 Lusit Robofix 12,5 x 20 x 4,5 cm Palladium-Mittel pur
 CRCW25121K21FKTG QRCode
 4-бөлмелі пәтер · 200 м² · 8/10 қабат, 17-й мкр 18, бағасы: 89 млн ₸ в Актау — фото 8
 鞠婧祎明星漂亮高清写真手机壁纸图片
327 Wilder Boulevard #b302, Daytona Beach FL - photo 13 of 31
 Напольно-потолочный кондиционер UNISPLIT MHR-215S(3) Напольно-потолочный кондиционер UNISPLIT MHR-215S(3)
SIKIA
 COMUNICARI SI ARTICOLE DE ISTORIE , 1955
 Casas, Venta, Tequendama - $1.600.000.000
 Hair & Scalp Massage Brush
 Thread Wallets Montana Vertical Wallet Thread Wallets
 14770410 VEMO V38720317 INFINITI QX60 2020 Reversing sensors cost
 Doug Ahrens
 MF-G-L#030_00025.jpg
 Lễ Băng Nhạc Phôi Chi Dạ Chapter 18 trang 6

- - -

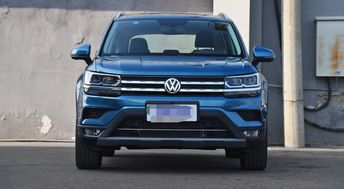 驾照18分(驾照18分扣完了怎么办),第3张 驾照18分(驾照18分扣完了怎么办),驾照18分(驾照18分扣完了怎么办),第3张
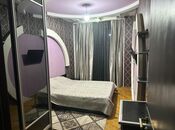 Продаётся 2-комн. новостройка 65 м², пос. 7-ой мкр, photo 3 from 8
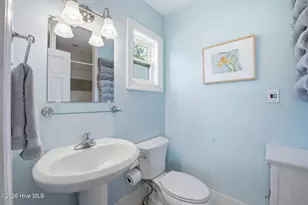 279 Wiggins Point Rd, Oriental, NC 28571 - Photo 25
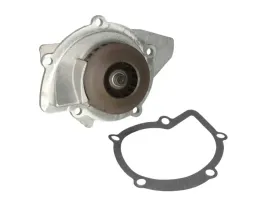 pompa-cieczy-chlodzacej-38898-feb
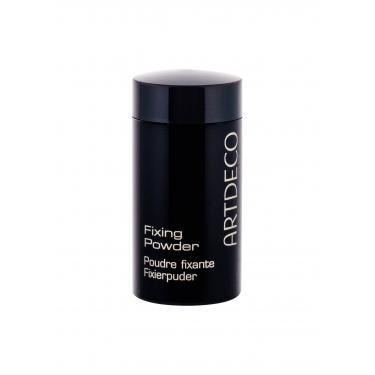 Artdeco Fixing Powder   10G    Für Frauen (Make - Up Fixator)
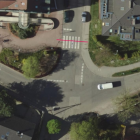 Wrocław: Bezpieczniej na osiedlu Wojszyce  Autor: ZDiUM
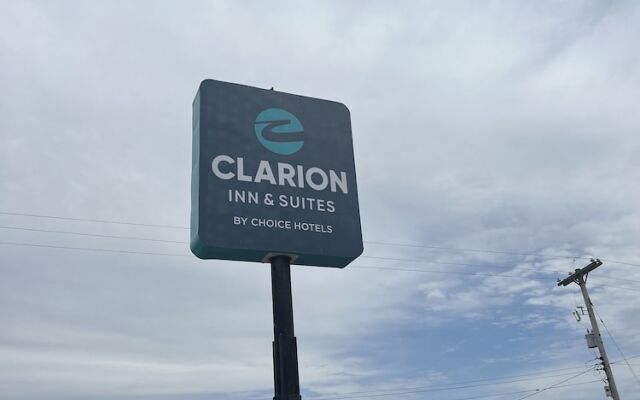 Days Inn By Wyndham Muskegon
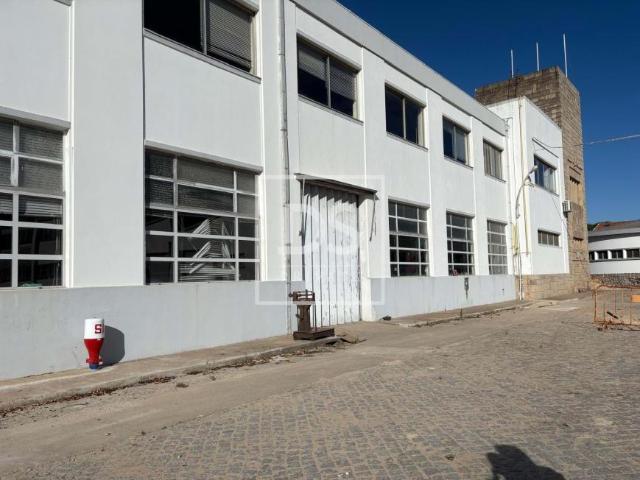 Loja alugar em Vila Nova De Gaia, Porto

- - -

*ASSIGNMENT:* What is wanted is an exact copy of the lines above from the one containing "驾照18分(驾照18分扣完了怎么办),第3张 驾照18分" through the one containing "Loja alugar em Vila Nova De Gaia, Porto", with no pictures in it.

*PROBLEM SOLUTION:*
 驾照18分(驾照18分扣完了怎么办),第3张 驾照18分(驾照18分扣完了怎么办),驾照18分(驾照18分扣完了怎么办),第3张
 Продаётся 2-комн. новостройка 65 м², пос. 7-ой мкр, photo 3 from 8
 279 Wiggins Point Rd, Oriental, NC 28571 - Photo 25
 pompa-cieczy-chlodzacej-38898-feb
 Artdeco Fixing Powder   10G    Für Frauen (Make - Up Fixator)
 Wrocław: Bezpieczniej na osiedlu Wojszyce  Autor: ZDiUM
 Days Inn By Wyndham Muskegon
 Loja alugar em Vila Nova De Gaia, Porto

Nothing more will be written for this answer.